▸ What you need to do: The expected output is an exact restatement of all the records.

▸ Available data:
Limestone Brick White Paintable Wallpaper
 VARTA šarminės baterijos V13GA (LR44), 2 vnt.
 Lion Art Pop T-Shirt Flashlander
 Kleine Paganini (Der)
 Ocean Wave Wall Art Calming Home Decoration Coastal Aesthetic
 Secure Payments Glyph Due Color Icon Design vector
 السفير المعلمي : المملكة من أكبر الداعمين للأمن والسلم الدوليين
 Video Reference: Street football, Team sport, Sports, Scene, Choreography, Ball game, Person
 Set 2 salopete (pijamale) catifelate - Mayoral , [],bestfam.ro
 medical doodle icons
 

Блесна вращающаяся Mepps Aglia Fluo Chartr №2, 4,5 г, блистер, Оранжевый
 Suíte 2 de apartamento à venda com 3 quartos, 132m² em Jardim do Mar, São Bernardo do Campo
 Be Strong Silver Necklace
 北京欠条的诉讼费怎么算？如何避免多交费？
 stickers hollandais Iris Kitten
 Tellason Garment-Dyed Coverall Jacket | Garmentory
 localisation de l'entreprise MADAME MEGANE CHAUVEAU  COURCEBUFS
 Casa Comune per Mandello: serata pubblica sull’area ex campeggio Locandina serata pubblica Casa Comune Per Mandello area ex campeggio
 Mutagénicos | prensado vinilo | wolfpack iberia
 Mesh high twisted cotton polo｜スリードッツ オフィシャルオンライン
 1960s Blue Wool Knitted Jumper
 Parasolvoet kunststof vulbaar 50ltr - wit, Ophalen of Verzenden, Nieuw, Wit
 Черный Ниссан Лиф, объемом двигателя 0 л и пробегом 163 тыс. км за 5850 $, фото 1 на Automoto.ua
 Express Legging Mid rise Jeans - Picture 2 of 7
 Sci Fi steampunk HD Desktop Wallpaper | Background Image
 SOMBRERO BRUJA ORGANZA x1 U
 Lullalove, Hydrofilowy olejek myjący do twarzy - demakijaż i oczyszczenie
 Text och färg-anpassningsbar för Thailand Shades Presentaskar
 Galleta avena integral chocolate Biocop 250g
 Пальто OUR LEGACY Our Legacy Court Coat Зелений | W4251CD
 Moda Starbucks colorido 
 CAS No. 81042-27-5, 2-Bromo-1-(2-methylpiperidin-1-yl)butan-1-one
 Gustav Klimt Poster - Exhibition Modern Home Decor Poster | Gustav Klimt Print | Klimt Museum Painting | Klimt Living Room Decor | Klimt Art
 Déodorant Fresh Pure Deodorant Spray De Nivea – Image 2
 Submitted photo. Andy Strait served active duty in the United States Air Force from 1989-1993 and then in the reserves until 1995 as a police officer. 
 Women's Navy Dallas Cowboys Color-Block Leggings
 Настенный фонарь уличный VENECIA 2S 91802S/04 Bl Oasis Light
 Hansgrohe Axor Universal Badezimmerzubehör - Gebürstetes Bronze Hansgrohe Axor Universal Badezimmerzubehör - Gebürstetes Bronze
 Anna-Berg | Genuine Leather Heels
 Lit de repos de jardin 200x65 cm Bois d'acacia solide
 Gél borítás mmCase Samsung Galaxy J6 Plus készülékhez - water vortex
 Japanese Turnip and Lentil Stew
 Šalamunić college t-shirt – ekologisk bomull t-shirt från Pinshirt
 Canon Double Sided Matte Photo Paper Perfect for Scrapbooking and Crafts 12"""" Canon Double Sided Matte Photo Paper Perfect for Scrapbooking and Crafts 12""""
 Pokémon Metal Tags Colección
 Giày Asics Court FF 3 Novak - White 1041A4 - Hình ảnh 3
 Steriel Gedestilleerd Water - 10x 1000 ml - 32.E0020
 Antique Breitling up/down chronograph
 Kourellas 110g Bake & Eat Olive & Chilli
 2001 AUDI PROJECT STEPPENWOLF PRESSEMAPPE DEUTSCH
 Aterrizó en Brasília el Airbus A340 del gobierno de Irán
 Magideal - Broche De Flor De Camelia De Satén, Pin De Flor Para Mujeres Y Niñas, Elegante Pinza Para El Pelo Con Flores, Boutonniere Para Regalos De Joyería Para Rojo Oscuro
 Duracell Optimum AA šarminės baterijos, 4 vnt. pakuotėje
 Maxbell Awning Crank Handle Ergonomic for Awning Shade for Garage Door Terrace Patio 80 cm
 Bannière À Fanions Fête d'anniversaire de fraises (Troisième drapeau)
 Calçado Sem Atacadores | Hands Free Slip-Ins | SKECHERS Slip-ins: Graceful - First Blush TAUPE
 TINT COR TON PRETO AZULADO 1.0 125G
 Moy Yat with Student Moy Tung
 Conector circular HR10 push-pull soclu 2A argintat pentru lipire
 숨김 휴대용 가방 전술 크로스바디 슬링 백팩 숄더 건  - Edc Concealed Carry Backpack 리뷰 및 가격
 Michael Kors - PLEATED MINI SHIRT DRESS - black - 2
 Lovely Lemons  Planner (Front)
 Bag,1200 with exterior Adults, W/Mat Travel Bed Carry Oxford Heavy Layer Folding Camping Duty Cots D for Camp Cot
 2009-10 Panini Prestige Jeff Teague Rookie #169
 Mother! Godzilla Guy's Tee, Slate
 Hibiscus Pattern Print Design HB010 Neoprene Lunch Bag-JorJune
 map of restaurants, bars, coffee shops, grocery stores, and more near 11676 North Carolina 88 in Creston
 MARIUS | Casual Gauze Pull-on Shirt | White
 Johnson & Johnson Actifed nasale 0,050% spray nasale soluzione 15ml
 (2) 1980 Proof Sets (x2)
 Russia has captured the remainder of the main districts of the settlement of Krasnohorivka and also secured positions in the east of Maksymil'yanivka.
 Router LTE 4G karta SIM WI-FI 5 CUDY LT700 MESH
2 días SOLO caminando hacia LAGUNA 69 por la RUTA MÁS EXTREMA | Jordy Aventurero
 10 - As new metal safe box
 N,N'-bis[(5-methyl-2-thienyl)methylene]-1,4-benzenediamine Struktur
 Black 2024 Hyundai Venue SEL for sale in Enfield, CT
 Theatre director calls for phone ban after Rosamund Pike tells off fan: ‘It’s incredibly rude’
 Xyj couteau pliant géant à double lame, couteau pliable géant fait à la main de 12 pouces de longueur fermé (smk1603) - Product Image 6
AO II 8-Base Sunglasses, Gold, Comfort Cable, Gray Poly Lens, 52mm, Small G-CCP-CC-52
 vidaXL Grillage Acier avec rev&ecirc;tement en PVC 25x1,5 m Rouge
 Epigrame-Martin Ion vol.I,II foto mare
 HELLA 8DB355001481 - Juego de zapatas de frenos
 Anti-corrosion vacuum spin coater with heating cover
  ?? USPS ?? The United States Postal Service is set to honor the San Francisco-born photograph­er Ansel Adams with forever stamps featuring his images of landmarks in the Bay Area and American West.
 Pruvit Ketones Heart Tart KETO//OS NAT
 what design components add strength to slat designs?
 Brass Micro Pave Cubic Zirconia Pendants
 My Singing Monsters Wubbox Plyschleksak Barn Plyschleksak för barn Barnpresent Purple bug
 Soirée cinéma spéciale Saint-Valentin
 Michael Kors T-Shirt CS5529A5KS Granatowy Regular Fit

▸ Worked solution:
Limestone Brick White Paintable Wallpaper
 VARTA šarminės baterijos V13GA (LR44), 2 vnt.
 Lion Art Pop T-Shirt Flashlander
 Kleine Paganini (Der)
 Ocean Wave Wall Art Calming Home Decoration Coastal Aesthetic
 Secure Payments Glyph Due Color Icon Design vector
 السفير المعلمي : المملكة من أكبر الداعمين للأمن والسلم الدوليين
 Video Reference: Street football, Team sport, Sports, Scene, Choreography, Ball game, Person
 Set 2 salopete (pijamale) catifelate - Mayoral , [],bestfam.ro
 medical doodle icons
 

Блесна вращающаяся Mepps Aglia Fluo Chartr №2, 4,5 г, блистер, Оранжевый
 Suíte 2 de apartamento à venda com 3 quartos, 132m² em Jardim do Mar, São Bernardo do Campo
 Be Strong Silver Necklace
 北京欠条的诉讼费怎么算？如何避免多交费？
 stickers hollandais Iris Kitten
 Tellason Garment-Dyed Coverall Jacket | Garmentory
 localisation de l'entreprise MADAME MEGANE CHAUVEAU  COURCEBUFS
 Casa Comune per Mandello: serata pubblica sull’area ex campeggio Locandina serata pubblica Casa Comune Per Mandello area ex campeggio
 Mutagénicos | prensado vinilo | wolfpack iberia
 Mesh high twisted cotton polo｜スリードッツ オフィシャルオンライン
 1960s Blue Wool Knitted Jumper
 Parasolvoet kunststof vulbaar 50ltr - wit, Ophalen of Verzenden, Nieuw, Wit
 Черный Ниссан Лиф, объемом двигателя 0 л и пробегом 163 тыс. км за 5850 $, фото 1 на Automoto.ua
 Express Legging Mid rise Jeans - Picture 2 of 7
 Sci Fi steampunk HD Desktop Wallpaper | Background Image
 SOMBRERO BRUJA ORGANZA x1 U
 Lullalove, Hydrofilowy olejek myjący do twarzy - demakijaż i oczyszczenie
 Text och färg-anpassningsbar för Thailand Shades Presentaskar
 Galleta avena integral chocolate Biocop 250g
 Пальто OUR LEGACY Our Legacy Court Coat Зелений | W4251CD
 Moda Starbucks colorido 
 CAS No. 81042-27-5, 2-Bromo-1-(2-methylpiperidin-1-yl)butan-1-one
 Gustav Klimt Poster - Exhibition Modern Home Decor Poster | Gustav Klimt Print | Klimt Museum Painting | Klimt Living Room Decor | Klimt Art
 Déodorant Fresh Pure Deodorant Spray De Nivea – Image 2
 Submitted photo. Andy Strait served active duty in the United States Air Force from 1989-1993 and then in the reserves until 1995 as a police officer. 
 Women's Navy Dallas Cowboys Color-Block Leggings
 Настенный фонарь уличный VENECIA 2S 91802S/04 Bl Oasis Light
 Hansgrohe Axor Universal Badezimmerzubehör - Gebürstetes Bronze Hansgrohe Axor Universal Badezimmerzubehör - Gebürstetes Bronze
 Anna-Berg | Genuine Leather Heels
 Lit de repos de jardin 200x65 cm Bois d'acacia solide
 Gél borítás mmCase Samsung Galaxy J6 Plus készülékhez - water vortex
 Japanese Turnip and Lentil Stew
 Šalamunić college t-shirt – ekologisk bomull t-shirt från Pinshirt
 Canon Double Sided Matte Photo Paper Perfect for Scrapbooking and Crafts 12"""" Canon Double Sided Matte Photo Paper Perfect for Scrapbooking and Crafts 12""""
 Pokémon Metal Tags Colección
 Giày Asics Court FF 3 Novak - White 1041A4 - Hình ảnh 3
 Steriel Gedestilleerd Water - 10x 1000 ml - 32.E0020
 Antique Breitling up/down chronograph
 Kourellas 110g Bake & Eat Olive & Chilli
 2001 AUDI PROJECT STEPPENWOLF PRESSEMAPPE DEUTSCH
 Aterrizó en Brasília el Airbus A340 del gobierno de Irán
 Magideal - Broche De Flor De Camelia De Satén, Pin De Flor Para Mujeres Y Niñas, Elegante Pinza Para El Pelo Con Flores, Boutonniere Para Regalos De Joyería Para Rojo Oscuro
 Duracell Optimum AA šarminės baterijos, 4 vnt. pakuotėje
 Maxbell Awning Crank Handle Ergonomic for Awning Shade for Garage Door Terrace Patio 80 cm
 Bannière À Fanions Fête d'anniversaire de fraises (Troisième drapeau)
 Calçado Sem Atacadores | Hands Free Slip-Ins | SKECHERS Slip-ins: Graceful - First Blush TAUPE
 TINT COR TON PRETO AZULADO 1.0 125G
 Moy Yat with Student Moy Tung
 Conector circular HR10 push-pull soclu 2A argintat pentru lipire
 숨김 휴대용 가방 전술 크로스바디 슬링 백팩 숄더 건  - Edc Concealed Carry Backpack 리뷰 및 가격
 Michael Kors - PLEATED MINI SHIRT DRESS - black - 2
 Lovely Lemons  Planner (Front)
 Bag,1200 with exterior Adults, W/Mat Travel Bed Carry Oxford Heavy Layer Folding Camping Duty Cots D for Camp Cot
 2009-10 Panini Prestige Jeff Teague Rookie #169
 Mother! Godzilla Guy's Tee, Slate
 Hibiscus Pattern Print Design HB010 Neoprene Lunch Bag-JorJune
 map of restaurants, bars, coffee shops, grocery stores, and more near 11676 North Carolina 88 in Creston
 MARIUS | Casual Gauze Pull-on Shirt | White
 Johnson & Johnson Actifed nasale 0,050% spray nasale soluzione 15ml
 (2) 1980 Proof Sets (x2)
 Russia has captured the remainder of the main districts of the settlement of Krasnohorivka and also secured positions in the east of Maksymil'yanivka.
 Router LTE 4G karta SIM WI-FI 5 CUDY LT700 MESH
2 días SOLO caminando hacia LAGUNA 69 por la RUTA MÁS EXTREMA | Jordy Aventurero
 10 - As new metal safe box
 N,N'-bis[(5-methyl-2-thienyl)methylene]-1,4-benzenediamine Struktur
 Black 2024 Hyundai Venue SEL for sale in Enfield, CT
 Theatre director calls for phone ban after Rosamund Pike tells off fan: ‘It’s incredibly rude’
 Xyj couteau pliant géant à double lame, couteau pliable géant fait à la main de 12 pouces de longueur fermé (smk1603) - Product Image 6
AO II 8-Base Sunglasses, Gold, Comfort Cable, Gray Poly Lens, 52mm, Small G-CCP-CC-52
 vidaXL Grillage Acier avec rev&ecirc;tement en PVC 25x1,5 m Rouge
 Epigrame-Martin Ion vol.I,II foto mare
 HELLA 8DB355001481 - Juego de zapatas de frenos
 Anti-corrosion vacuum spin coater with heating cover
  ?? USPS ?? The United States Postal Service is set to honor the San Francisco-born photograph­er Ansel Adams with forever stamps featuring his images of landmarks in the Bay Area and American West.
 Pruvit Ketones Heart Tart KETO//OS NAT
 what design components add strength to slat designs?
 Brass Micro Pave Cubic Zirconia Pendants
 My Singing Monsters Wubbox Plyschleksak Barn Plyschleksak för barn Barnpresent Purple bug
 Soirée cinéma spéciale Saint-Valentin
 Michael Kors T-Shirt CS5529A5KS Granatowy Regular Fit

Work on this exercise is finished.